The other times questions similar to this have been asked on this site, either it has been asked in the other direction, or OPs have not been specific about what they wanted, and so there have been all kinds of answers given, either doing exactly what I don't want to do here, which is to calculate the 2nd order partials and show that Laplace's Equation is satisfied (I have been specifically told not to do it that way), or referring to such esoteric things as Riemannian manifolds, which are completely useless to me in my current coursework.

Could someone please help me out in proving this result the way I have been asked to prove it, using complex differentiability properties and results only, and not by either calculating 2nd order partials or anything too advanced (also no series)? I am at a loss as to what to do…thank you.

Best Answer

The composition of holomorphic functions is holomorphic. This is nothing more than the chain rule, and is proved the same way you would in a normal calculus class.

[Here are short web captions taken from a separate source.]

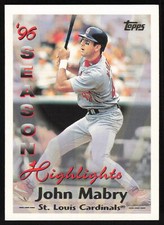 1997 Topps #102 John Mabry     SH, ERR St. Louis Cardinals Card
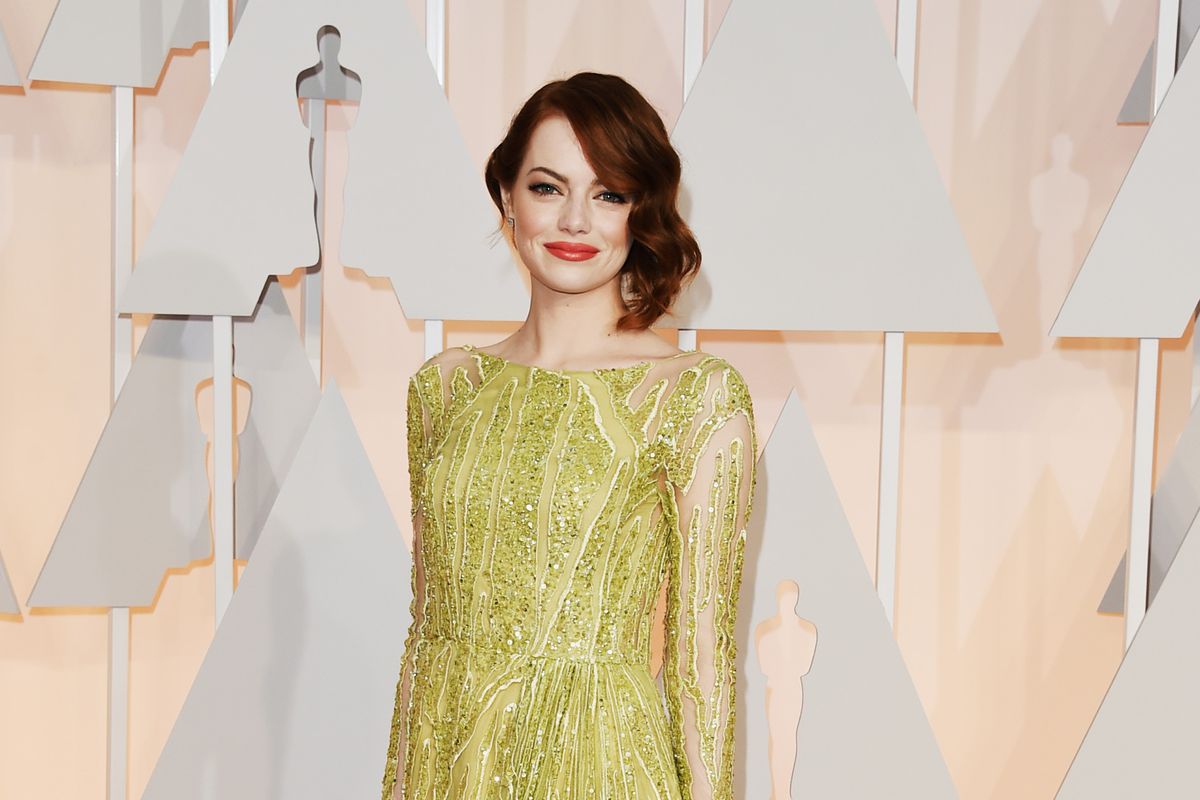 Emma Stone in Elie Saab at the 2015 Oscars.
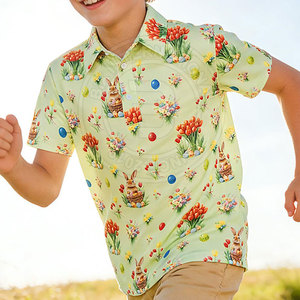 Vêtements de sport pour jeunes golfeurs, polos de golf pour jeunes joueurs, tissu respirant en maille, entraînement sur le parcours de golf, rassemblement de clubs - Product Image 2
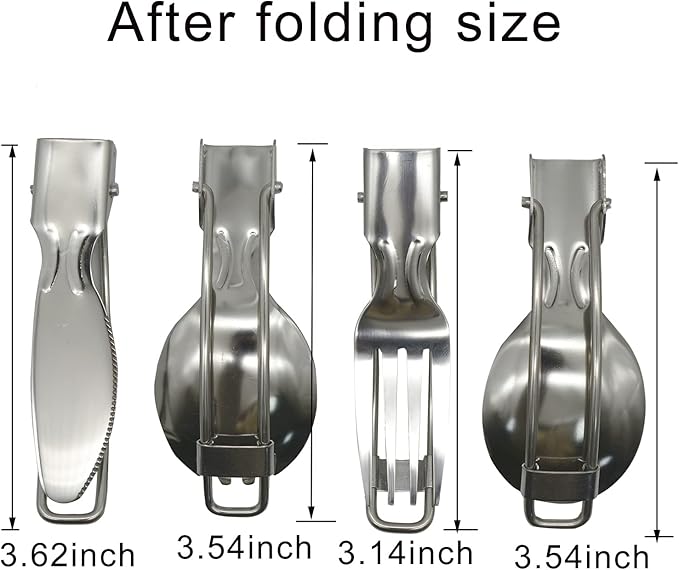 4Pcs Folding Camping Utensils Set Portable 18/10(304) Stainless Steel Flatware include Dishwasher Safe Spoon Fork Knife for Picnic Travel Hiking Backpacking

Then your result is just that the real and imaginary parts of the holomorphic function $g \circ f$ are harmonic and indeed harmonic conjugates, which you verify with the Cauchy-Riemann equations. (That is, if $f = u+iv$ is holomorphic, then $u_x = v_y$ and $-u_y = v_x$, so $$u_{xx} + u_{yy} = u_{xx} - v_{xy} = u_{xx} - v_{yx} = u_{xx} - u_{xx} = 0.$$

This is absolutely fundamental. If you're showing something is harmonic, you need to do some work eventually, and this is about as little work as you can get away with doing. I suspect what they mean by "do not calculate the Laplacian" is to not take partials of the function $s(u,v)$ with the chain rule and plugging everything together, but rather to use the observation in the first paragraph. After all, that's what you did in noticing that $u^2-v^2$ is harmonic.